The Boston Planning & Development Agency plans to roll out a new coastal flood zoning overlay that will cover every parcel with a projected 1 percent annual chance of flooding in 2070. Image courtesy of the city of Boston

As thousands of activists rally at today’s Climate Strike rally at Government Center, city hall planners are preparing a new set of rules for development in Boston neighborhoods that are vulnerable to climate change-induced flooding.

The coastal flood resilience design guidelines approved by the Boston Planning & Development Agency last week will be the basis for a new overlay zoning district governing both new development and retrofits of existing properties.

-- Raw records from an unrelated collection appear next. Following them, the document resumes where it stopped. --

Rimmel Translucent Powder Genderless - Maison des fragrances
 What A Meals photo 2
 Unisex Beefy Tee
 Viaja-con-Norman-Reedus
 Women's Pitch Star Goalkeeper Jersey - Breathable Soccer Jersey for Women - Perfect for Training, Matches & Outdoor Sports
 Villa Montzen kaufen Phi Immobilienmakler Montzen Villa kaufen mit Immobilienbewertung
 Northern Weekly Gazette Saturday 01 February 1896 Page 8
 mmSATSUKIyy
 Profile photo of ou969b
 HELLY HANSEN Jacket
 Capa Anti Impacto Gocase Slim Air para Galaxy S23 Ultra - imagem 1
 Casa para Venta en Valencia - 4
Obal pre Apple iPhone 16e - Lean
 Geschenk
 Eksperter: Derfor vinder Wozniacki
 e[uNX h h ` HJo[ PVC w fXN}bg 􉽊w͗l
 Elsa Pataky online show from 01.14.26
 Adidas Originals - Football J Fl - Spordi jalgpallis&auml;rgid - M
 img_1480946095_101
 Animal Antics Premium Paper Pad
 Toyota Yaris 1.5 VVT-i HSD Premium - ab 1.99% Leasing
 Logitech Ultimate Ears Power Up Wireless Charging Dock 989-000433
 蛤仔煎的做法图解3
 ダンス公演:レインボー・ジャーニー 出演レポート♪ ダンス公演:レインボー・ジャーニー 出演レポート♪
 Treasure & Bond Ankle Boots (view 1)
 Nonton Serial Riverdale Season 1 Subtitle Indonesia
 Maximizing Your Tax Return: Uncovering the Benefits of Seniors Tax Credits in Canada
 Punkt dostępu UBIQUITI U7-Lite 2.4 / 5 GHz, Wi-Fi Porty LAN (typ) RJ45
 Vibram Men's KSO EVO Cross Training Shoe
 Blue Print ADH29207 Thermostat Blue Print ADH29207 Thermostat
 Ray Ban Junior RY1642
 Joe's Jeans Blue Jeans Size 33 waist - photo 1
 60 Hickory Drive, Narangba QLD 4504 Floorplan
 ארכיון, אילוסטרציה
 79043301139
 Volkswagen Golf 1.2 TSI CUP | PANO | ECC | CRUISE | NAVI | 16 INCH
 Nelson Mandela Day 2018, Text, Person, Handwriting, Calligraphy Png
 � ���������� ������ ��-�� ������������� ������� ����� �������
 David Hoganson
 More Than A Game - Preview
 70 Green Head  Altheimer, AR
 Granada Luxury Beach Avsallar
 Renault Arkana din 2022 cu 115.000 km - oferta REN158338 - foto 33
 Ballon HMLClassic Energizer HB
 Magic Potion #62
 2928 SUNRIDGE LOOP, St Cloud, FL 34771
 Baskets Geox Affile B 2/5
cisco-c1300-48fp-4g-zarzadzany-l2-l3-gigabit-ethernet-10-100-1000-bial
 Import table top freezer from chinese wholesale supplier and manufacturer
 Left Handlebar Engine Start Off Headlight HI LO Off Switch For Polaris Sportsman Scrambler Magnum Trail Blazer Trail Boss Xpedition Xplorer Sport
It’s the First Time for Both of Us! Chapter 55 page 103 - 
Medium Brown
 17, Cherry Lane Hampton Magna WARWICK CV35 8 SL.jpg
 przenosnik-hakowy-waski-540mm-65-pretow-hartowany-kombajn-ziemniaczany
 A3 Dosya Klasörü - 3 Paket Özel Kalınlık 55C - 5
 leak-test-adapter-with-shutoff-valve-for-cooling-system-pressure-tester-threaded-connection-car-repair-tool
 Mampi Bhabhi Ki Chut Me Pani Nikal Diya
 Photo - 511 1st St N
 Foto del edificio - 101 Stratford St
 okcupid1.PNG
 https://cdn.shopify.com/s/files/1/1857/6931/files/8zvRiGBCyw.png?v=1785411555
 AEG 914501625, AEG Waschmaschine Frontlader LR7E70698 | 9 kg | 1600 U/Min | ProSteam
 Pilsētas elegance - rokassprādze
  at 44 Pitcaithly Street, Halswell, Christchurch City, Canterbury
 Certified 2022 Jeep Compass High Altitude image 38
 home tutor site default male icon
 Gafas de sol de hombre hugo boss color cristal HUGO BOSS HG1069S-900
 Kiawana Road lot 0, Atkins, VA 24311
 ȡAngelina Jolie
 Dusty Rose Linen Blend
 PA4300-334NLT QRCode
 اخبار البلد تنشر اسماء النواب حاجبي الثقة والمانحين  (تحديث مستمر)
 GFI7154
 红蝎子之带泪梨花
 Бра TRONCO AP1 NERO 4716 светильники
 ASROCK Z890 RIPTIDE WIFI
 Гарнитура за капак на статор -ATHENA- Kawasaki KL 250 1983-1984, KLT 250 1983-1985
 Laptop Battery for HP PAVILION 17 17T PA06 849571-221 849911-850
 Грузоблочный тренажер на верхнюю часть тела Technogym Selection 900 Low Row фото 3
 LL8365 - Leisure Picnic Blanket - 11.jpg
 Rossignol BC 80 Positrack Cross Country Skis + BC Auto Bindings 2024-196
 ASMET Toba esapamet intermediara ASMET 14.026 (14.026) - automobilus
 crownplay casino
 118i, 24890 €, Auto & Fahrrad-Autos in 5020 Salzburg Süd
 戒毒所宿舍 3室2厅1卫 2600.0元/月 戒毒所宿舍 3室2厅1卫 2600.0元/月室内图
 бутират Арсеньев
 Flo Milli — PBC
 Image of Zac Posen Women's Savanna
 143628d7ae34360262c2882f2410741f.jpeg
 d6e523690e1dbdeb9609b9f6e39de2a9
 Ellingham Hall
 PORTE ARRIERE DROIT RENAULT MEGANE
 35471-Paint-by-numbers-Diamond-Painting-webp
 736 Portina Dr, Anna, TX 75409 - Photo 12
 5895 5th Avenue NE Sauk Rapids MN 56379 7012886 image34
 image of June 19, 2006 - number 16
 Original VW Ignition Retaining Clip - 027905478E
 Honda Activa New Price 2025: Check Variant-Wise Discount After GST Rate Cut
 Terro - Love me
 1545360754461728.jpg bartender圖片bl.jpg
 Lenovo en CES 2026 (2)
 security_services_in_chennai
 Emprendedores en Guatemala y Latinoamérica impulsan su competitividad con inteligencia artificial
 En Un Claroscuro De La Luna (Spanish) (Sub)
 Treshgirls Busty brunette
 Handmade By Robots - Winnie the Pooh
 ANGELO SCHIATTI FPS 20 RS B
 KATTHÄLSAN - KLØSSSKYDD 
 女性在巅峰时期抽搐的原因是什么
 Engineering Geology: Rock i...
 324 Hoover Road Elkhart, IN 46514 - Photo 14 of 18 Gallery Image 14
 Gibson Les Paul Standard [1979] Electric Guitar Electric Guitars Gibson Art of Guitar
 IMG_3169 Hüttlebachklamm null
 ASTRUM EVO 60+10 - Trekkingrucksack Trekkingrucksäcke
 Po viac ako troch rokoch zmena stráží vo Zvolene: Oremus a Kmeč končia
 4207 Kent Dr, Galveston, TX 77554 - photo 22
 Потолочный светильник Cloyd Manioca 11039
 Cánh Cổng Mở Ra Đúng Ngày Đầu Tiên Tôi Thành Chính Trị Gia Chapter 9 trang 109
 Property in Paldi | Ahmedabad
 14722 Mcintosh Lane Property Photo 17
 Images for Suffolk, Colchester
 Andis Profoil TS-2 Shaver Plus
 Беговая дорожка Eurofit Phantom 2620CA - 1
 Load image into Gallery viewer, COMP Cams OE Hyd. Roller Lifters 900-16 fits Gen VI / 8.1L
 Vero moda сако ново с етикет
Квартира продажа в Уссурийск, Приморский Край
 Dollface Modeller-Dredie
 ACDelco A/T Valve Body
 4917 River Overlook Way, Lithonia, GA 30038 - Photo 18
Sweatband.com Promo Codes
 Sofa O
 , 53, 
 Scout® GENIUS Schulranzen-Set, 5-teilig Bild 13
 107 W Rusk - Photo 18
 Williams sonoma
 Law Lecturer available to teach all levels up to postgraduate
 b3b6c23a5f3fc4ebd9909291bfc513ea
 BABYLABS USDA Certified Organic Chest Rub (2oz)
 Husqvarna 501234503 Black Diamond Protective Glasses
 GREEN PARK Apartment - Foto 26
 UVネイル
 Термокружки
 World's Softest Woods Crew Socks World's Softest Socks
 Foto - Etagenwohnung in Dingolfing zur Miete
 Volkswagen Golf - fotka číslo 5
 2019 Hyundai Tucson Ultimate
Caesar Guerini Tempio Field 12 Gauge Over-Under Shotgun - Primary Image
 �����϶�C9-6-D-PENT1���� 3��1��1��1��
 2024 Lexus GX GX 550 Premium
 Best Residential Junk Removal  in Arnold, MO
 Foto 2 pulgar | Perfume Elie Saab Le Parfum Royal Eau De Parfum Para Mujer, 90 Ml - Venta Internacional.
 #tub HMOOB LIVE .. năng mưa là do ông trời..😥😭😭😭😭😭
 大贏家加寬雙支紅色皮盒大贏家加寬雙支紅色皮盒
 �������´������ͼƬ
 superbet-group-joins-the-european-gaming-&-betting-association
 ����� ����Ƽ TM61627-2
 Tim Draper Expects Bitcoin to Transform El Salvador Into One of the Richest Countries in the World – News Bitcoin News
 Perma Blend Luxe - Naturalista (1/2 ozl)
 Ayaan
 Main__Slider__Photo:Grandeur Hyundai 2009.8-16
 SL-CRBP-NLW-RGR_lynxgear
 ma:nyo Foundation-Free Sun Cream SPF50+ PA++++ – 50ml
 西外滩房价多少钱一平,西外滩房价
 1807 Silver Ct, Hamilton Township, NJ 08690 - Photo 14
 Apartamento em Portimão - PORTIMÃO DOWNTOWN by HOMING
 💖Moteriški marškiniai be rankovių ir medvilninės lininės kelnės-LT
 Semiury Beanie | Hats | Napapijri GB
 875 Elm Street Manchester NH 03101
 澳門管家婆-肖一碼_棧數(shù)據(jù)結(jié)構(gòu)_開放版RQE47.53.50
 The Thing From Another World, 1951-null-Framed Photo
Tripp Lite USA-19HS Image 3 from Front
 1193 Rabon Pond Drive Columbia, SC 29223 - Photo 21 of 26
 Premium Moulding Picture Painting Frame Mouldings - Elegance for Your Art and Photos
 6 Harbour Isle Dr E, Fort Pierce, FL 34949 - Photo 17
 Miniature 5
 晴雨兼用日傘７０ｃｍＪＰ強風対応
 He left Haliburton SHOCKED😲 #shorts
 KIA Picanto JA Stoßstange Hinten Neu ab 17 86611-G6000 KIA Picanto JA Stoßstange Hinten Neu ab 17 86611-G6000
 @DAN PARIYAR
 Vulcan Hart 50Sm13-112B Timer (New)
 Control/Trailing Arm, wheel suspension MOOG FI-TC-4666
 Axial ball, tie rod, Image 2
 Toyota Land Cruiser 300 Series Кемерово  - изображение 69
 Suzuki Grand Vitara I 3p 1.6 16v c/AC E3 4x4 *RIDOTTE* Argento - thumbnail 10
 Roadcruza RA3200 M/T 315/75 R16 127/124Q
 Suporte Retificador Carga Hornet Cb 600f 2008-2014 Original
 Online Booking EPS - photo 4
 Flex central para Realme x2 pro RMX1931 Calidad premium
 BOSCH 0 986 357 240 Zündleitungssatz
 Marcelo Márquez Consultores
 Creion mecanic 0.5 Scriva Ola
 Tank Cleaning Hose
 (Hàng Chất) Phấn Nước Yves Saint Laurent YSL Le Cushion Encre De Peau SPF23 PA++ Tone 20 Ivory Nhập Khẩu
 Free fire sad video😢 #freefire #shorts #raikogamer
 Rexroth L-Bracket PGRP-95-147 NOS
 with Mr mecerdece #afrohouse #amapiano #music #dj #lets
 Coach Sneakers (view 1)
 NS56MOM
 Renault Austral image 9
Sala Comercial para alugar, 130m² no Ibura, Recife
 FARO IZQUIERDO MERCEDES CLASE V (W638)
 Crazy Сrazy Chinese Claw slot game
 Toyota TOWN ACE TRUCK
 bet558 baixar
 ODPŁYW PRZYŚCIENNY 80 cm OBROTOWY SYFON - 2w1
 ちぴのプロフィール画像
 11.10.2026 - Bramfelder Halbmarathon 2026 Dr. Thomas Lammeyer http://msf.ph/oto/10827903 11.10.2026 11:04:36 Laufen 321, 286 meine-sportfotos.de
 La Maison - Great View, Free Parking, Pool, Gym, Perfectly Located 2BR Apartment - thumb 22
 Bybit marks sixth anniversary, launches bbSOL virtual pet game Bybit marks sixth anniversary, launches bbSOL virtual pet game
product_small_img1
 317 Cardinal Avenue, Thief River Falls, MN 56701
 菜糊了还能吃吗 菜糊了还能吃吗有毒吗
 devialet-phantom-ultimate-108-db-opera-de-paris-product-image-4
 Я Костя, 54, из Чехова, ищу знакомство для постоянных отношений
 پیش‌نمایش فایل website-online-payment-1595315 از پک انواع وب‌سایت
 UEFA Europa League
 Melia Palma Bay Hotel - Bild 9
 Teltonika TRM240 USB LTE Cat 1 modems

“We wanted to get this out to provide general guidelines and what expectations are going to be moving forward in terms of what we require,” said Chris Busch, the BPDA’s assistant deputy director for climate and environmental planning.

The BPDA already requires developers of large projects to fill out a resiliency checklist, but zoning code does not reflect such strategies.

The new overlay could be adopted in approximately six months, Busch said. It will apply to properties with a 1 percent annual chance of flooding in 2070, when researchers predict Boston Harbor sea levels will have risen by 40 inches. That would put large portions of neighborhoods including the South End, East Boston and the Seaport District at risk.

The guidelines provide a range of options for property owners to elevate and fortify properties, such as building structures on pilings and elevating mechanical equipment to upper floors.

The zoning overlay will include new building height and density rules that don’t penalize developers for adopting resiliency strategies such as elevated structures, Busch said.

Waterfront developers have begun to voluntarily adopt aggressive flood-proofing strategies. Lendlease’s 478-unit Clippership Wharf condo and apartment complex that opened last month in East Boston placed residential floors 14 feet above current high tide levels and installed a living shoreline, while equipping ground floors with deployable flood gates.